2. Name some examples of file metadata.

Metadata is the information stored about the files, instead of the data making up the content of the files. Examples of metadata could be filesize, geographical information, time created etc.

2 Files and directories

1. Consider a Fast File System (FFS) like Linux’s ext4.

(a) Explain the difference between a hard link and a soft link in this file system. What is the length of the content of a soft link file?

A hard link is created any time a new file is created, giving the operating system an absolute path to use to access the new file (an example could be /home/krloer/general/ntnu/idatt2202). This link will be viable no matter where we are in the operating system. A soft link is a link from a location in the tree structure to another location (an example could be ../idatt2103/Oving6). This link is only usable in the directory it is created in, and does not work other places in the operating system. The length of the content of a soft link file is equal to the length of the original link to the file we are linking to.

It is possible to create multiple hard links to the same file, possibly creating a cyclic structure instead of a tree structure (if there is no protection against this). It is also possible to create a soft link from a to b, and then unlink b. This would create a dangling soft link as trying to open b using the soft link would fail.

(b) What is the minimum number of references (hard links) for any given folder?

The minimum number of hard links for any given folder is two. The first is the link from the parent directory, e.g. /home/tmp/, and the second is the link through the directory itself, e.g. /home/tmp/..

(c) Consider a folder /tmp/myfolder containing 5 subfolders. How many references (hard links) does it have? Try it yourself on a Linux system and include the output. Use ls -ld /tmp/myfolder to view the reference count (hint, it’s the second column in the output).

Output: drwxr-xr-x 7 krloer krloer 4096 Nov 10 12:29 tmp/myfolder/

It has seven hard links. The first two are the links described in the previous answer, one from the perspective of the parent folders, and one from within the directory itself. In addition to these it contains one hard link for each of the five subfolders.

(d) Explain how spatial locality is acheived in a FFS.

Spatial locality is achieved through locality heuristics. These help the operating systems with multiple things, including deciding where in the file system a file should be placed to optimize performance. They are based on free space maps and directories and index structures.

FFS in particular uses the locality heuristics "block group placement" and "reserved space". Block group placement divides the memory into blocks. Files are placed in the same block as its directory, while new directories are placed in different blocks than its parent directory to trade short term for long term locality. Reserved space means that FFS makes 10% of a disk unavailable to the user, to maintain good locality, as this would be very difficult on a full disk.

2. NTFS - Flexible tree with extents

(a) Explain the differences and use of resident versus non-resident attributes in NTFS.

NTFS uses extents, which are variable sized regions of memory, instead of blocks from FFS. These are stored as attribute records in the master file table, and keep control of where files are physically stored. The MFT stores an array of 1 KB entries, which means that if an entry is smaller than 1 KB it is stored as a resident attribute, but if its too large, it is stored elsewhere as non-resident attributes, with pointers to it in the MFT.

(b) Discuss the benefits of NTFS-style extents in relation to blocks used by FAT or FFS.

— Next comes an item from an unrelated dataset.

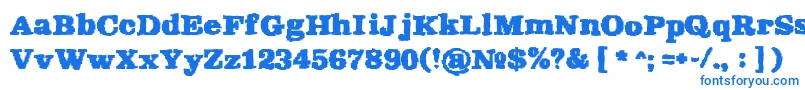 Rekaptcha Font – Blue Fonts on White Background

Extents allow more effective use of memory, as small files, dont take up an entire block, but instead use only the required space. They also prevent the file fragmentation that are created when files are larger than blocks and have to be split into different areas in memory. With extents these can be stored contiguously.

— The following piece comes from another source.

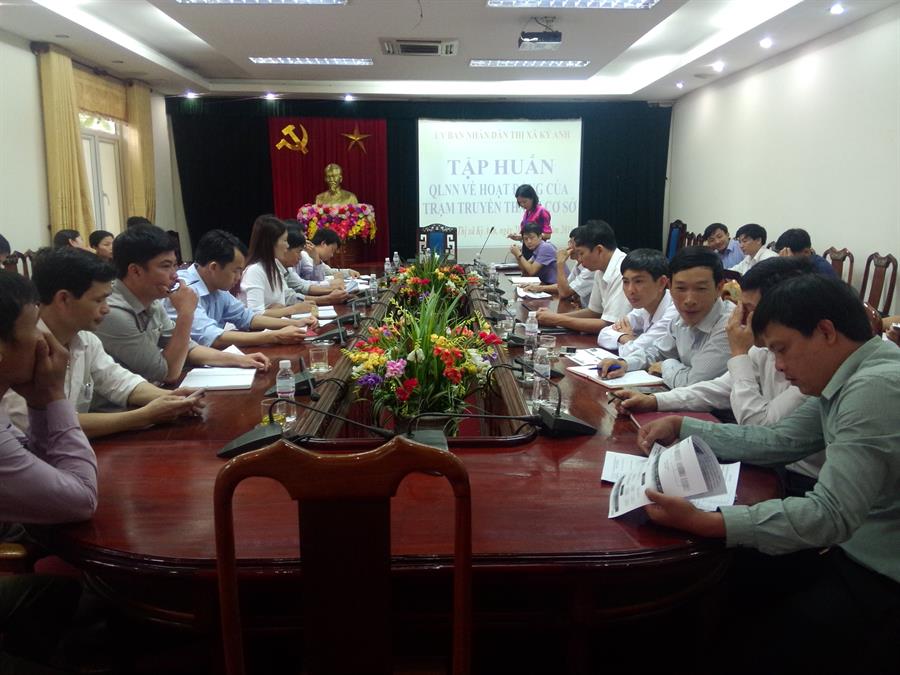 Quang cảnh OkVip hoạt động tập huấn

3. Explain how copy-on-write (COW) helps guard against data corruption.

Copy-on-write means that when a file is updated or changed, the file is copied to a new location and the copy in the new location is changed, instead of changing the original file. This means that if anything goes wrong when editing the file, the file from before the change started is stored safely. If the file itself was edited without a copy, errors could cause corruption in the file itself. COW systems can also use checksums to make sure the integrity of a file is maintained.

3 Security

1. Authentication

(a) Why is it important to hash passwords with a unique salt, even if the salt can be publicly known?

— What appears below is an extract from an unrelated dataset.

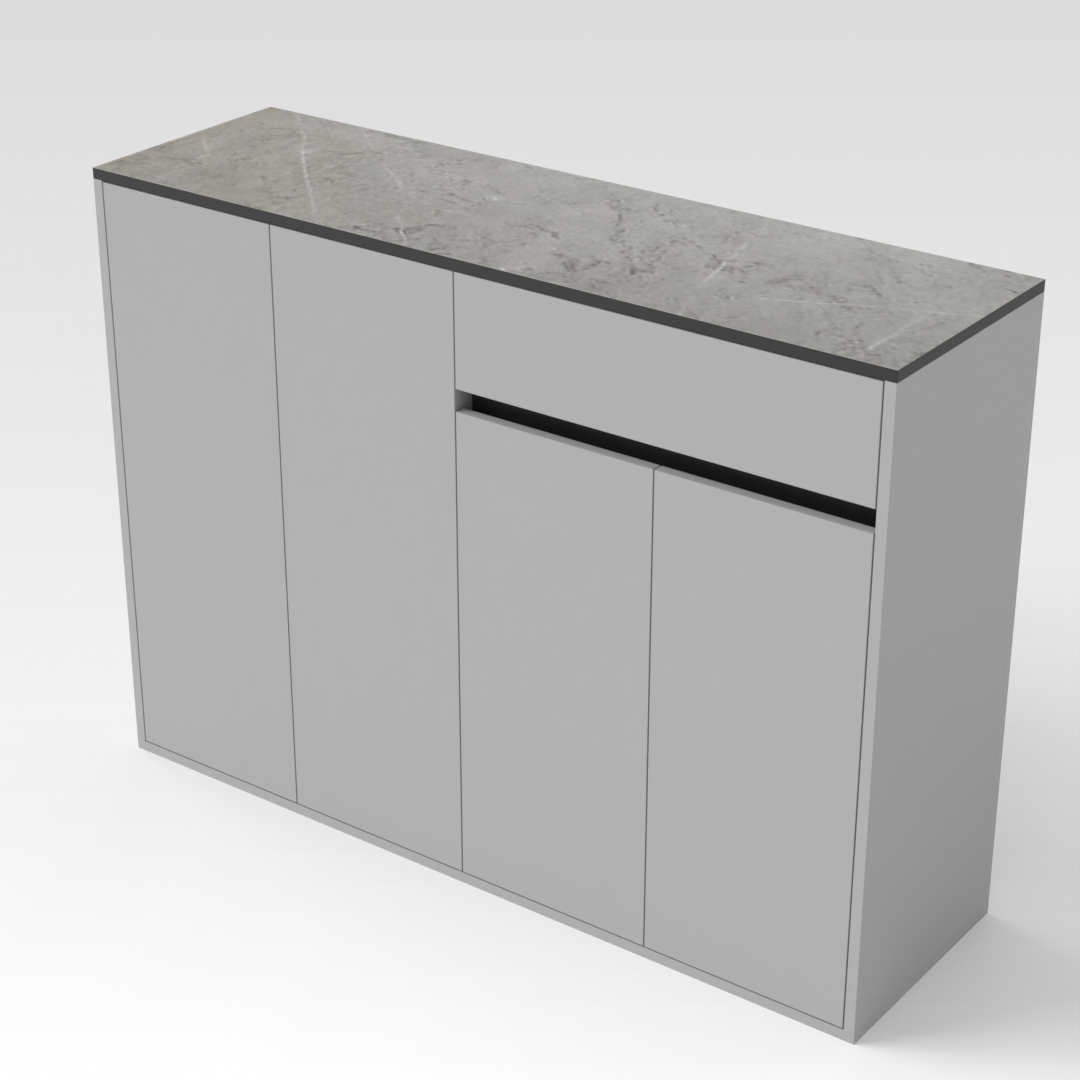 Light Gray Shoe Cabinet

A common hash cracking attack uses a rainbow table. This is more adaptable than a previously computed hash lookup table as it can be used on all different hashes, but it is slower each attack as it has to compute each hash to match with its entries. As this is already a time consuming process, unique salts slowing it down even more can make it significantly less effective. The fact that the unique salts are publicly known, doesnt decrease the computation required to crack the hashes.

Unique salts ensure that the computation for cracking one users password can not be used to check another users password. If the password 12345 is listed in a rainbow table, and md5 hashes are used, the attacker will compute the md5 hash and match this against the password hash. If it matches, the hash has been cracked. If unique salts are not used, this information can also be used to check whether other users have 12345 as their password or not, saving one future computation for every other password for each computed hash cracking the first password.

However, when password are salted with unique salts, the computation to check the first hash, will not give any information about the remaining hashes. This means that in a worst (best) case scenario, the attacker has to calculate the hash for each password in its lookup table for every password hash its cracking. Without unique salts the ammount of computations to check all of the password in a database would be the ammount of known password in the attackers lookup table. With unique salts the ammount of computations would be the ammount of passwords in the lookup table times the ammount of hashed passwords.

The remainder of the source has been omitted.